What Herbalife Apologists Are Ignoring (And You Shouldn't)

Warren Buffett speaking to a group of students...
Warren Buffett, whose Berkshire Hathaway
owns Pampered Chef, a MLM. Is it comparable
to Herbalife though? (source:Wikipedia)
Hedge fund managers, being handlers of other people's money, tend to be very smart people, and usually very careful, but once decided, still do the Bush thing: "stay the course", based on their own analysis and their own criteria. And ever since Ackman started his "assault" on Herbalife at the end of 2012, the hedge fund managers have been divided on this issue, and roughly falls into three camps:
  • Ackman-camp: I agree with Ackman and Herbalife is going down... eventually
  • Icahn-camp: Ackman is wrong, Herbalife is NOT pyramid enough to be shut down!
  • Spectator-camp: I'm not getting between those two gorillas... or Godzillas.

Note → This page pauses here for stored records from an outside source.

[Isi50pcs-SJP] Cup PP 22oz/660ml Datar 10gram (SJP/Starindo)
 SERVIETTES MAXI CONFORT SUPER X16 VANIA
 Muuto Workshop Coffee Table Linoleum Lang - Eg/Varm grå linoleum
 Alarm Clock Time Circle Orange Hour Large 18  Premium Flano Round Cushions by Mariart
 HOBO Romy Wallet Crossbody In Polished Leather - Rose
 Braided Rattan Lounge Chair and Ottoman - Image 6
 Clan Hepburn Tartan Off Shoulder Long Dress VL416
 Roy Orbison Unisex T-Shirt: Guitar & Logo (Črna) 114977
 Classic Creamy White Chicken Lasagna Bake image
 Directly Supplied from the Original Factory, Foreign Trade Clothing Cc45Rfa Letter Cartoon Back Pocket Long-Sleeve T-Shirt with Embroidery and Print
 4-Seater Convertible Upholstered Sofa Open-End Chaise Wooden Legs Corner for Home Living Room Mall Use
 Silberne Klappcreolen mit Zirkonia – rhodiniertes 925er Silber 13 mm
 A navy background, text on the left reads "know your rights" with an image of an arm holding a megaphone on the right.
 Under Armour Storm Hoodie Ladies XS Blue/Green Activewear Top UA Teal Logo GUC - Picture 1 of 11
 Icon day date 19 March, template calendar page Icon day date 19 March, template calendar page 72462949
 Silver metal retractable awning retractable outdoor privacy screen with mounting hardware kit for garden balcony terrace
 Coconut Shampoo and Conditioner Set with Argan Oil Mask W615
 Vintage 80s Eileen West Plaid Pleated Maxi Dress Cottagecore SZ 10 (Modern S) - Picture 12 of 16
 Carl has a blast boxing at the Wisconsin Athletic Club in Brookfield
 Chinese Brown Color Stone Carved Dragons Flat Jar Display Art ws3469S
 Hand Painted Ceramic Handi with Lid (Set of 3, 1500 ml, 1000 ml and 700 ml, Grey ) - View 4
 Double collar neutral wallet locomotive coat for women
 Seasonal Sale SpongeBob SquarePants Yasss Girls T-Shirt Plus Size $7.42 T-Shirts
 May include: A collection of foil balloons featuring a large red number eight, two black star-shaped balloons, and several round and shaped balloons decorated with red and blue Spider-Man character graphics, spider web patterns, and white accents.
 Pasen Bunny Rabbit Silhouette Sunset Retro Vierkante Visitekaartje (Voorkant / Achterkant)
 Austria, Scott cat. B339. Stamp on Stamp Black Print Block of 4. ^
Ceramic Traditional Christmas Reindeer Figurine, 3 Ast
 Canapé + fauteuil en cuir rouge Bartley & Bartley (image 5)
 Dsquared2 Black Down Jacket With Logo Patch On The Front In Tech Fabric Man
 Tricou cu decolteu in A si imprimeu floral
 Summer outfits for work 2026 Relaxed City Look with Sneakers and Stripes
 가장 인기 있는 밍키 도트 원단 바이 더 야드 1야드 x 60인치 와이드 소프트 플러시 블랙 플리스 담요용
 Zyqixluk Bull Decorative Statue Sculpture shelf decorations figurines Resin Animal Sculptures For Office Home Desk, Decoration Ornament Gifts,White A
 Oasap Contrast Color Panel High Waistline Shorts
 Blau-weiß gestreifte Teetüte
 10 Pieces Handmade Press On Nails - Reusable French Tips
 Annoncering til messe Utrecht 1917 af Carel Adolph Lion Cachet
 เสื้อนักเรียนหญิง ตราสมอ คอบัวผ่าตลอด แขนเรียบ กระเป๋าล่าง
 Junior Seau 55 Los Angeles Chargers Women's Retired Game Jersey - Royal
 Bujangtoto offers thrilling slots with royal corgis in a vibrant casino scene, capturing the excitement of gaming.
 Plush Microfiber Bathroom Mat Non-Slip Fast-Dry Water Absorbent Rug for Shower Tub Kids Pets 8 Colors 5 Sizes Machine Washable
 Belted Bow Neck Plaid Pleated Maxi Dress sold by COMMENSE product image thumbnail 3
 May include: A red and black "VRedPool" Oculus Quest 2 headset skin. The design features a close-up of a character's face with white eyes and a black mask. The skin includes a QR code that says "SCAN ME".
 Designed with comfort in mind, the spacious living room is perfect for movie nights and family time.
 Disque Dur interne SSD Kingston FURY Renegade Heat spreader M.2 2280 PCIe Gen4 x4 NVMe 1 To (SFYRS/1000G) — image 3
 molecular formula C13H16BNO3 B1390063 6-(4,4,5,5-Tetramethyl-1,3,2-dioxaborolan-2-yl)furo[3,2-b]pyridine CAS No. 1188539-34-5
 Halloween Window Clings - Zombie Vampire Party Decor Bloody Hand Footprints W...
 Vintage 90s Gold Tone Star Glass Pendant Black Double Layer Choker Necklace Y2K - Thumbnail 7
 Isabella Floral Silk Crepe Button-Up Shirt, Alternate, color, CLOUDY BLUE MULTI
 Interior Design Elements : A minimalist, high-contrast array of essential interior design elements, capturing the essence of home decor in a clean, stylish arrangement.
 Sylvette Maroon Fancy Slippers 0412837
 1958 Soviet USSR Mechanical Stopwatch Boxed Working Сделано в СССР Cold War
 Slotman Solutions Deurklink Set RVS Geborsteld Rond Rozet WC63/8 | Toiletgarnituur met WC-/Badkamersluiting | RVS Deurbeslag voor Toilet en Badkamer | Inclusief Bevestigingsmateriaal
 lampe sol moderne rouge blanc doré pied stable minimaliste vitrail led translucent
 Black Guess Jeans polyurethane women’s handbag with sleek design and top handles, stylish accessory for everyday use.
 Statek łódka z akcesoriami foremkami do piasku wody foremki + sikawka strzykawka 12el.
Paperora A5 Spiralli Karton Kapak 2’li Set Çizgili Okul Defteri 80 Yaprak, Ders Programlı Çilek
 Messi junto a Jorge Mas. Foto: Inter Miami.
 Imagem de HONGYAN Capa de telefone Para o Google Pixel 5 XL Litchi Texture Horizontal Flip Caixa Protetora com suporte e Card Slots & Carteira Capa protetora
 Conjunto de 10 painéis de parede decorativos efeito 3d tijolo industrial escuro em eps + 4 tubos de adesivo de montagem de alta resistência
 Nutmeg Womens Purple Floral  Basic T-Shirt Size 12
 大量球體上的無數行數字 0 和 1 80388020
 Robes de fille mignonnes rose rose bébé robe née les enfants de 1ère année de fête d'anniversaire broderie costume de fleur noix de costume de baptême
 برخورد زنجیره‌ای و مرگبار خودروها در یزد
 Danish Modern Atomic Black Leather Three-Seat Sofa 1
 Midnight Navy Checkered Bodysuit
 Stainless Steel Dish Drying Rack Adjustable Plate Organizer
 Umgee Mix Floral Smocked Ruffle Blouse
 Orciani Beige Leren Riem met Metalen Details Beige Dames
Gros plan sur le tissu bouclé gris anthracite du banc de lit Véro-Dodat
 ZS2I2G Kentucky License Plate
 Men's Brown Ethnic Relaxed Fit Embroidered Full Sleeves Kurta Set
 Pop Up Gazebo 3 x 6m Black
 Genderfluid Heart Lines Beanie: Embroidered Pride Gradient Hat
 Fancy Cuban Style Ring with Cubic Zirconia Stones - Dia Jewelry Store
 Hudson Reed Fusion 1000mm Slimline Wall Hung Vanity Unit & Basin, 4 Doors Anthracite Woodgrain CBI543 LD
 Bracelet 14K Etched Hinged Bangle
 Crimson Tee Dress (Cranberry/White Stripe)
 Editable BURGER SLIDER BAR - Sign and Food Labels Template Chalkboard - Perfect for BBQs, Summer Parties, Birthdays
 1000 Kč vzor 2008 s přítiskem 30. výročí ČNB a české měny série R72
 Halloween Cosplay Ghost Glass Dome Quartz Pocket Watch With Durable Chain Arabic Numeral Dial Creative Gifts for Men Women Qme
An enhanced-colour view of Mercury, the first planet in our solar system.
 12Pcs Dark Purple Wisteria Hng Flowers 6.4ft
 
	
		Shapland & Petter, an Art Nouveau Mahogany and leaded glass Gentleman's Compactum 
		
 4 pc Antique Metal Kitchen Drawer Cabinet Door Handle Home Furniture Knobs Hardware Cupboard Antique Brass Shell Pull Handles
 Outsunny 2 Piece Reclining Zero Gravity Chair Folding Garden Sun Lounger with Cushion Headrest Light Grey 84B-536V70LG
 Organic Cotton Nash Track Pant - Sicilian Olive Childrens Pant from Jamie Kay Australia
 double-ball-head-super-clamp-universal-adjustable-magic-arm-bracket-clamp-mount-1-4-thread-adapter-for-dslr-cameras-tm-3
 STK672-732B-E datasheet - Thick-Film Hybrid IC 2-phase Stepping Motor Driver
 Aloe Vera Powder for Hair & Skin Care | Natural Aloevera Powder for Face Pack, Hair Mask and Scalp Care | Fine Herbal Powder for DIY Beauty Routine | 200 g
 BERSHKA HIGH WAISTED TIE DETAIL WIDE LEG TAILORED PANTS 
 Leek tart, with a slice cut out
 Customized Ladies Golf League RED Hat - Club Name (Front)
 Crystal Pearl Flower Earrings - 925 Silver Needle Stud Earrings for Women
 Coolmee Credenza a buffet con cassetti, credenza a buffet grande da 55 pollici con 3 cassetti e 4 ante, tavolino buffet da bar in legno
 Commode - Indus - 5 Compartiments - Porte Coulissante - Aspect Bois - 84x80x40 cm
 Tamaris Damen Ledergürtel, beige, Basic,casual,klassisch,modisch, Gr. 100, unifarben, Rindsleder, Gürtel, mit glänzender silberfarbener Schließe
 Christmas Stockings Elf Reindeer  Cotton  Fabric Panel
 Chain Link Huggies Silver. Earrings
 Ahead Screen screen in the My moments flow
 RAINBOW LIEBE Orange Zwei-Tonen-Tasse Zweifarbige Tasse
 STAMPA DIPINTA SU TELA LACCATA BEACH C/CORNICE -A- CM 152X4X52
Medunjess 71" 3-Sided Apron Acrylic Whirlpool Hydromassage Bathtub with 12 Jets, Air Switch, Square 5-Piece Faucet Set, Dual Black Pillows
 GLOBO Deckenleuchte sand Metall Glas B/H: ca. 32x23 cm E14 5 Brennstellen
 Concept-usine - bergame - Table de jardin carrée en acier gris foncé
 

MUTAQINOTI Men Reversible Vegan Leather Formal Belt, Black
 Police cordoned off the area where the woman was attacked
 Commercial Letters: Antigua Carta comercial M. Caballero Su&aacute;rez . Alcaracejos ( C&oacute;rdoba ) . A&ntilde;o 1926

Most articles you find on Herbalife nowadays are about stock movements, rather than about the company itself. If Herbalife stock goes up, people publish some opinions about how Ackman's losing and Icahn is winning, even though they don't really know how the company works. One such title is "Carl Icahn is Squeezing Bill Ackman to Death", leaving aside the "merits" of Ackman's case.

Everybody is guilty of confirmation bias and automatic cherry picking. People see facts that support their own side, and unconsciously ignore facts that does not. Even hedge fund managers. One of which is Bronte Capital's John Hempton, who has a nice blog. Recently, he published a blogpost that repeated his view that Herbalife is just misunderstood and some MLMs are very good.

It's a pretty long post, and mentions multiple MLMs, so I will summarize here. I understand I'm as guilty as anyone I'm accusing of potential bias, so feel free to read it and check it for yourself. But basically, his premise is that "MLMs don't sell products, they sell the value AROUND the products". His primary example is Pampered Chef MLM (owned by Berkshire Hathaway, Warren Buffet's company).  He claims that while Pampered Chef's cookware is overpriced, what they sell is not cookware, but cooking lessons and the entire lifestyle change around adopting cooking for oneself (instead of eating out).

Then he claimed that Herbalife's value, unlike Ackman's claim that Herbalife products are commodities, is actually the diet clubs and the distributors' relationship with the participants, and Ackman is "missing the point" about the whole thing.

Frankly, Mr. John Hempton himself is missing a few things, and this wasn't the first time he did so.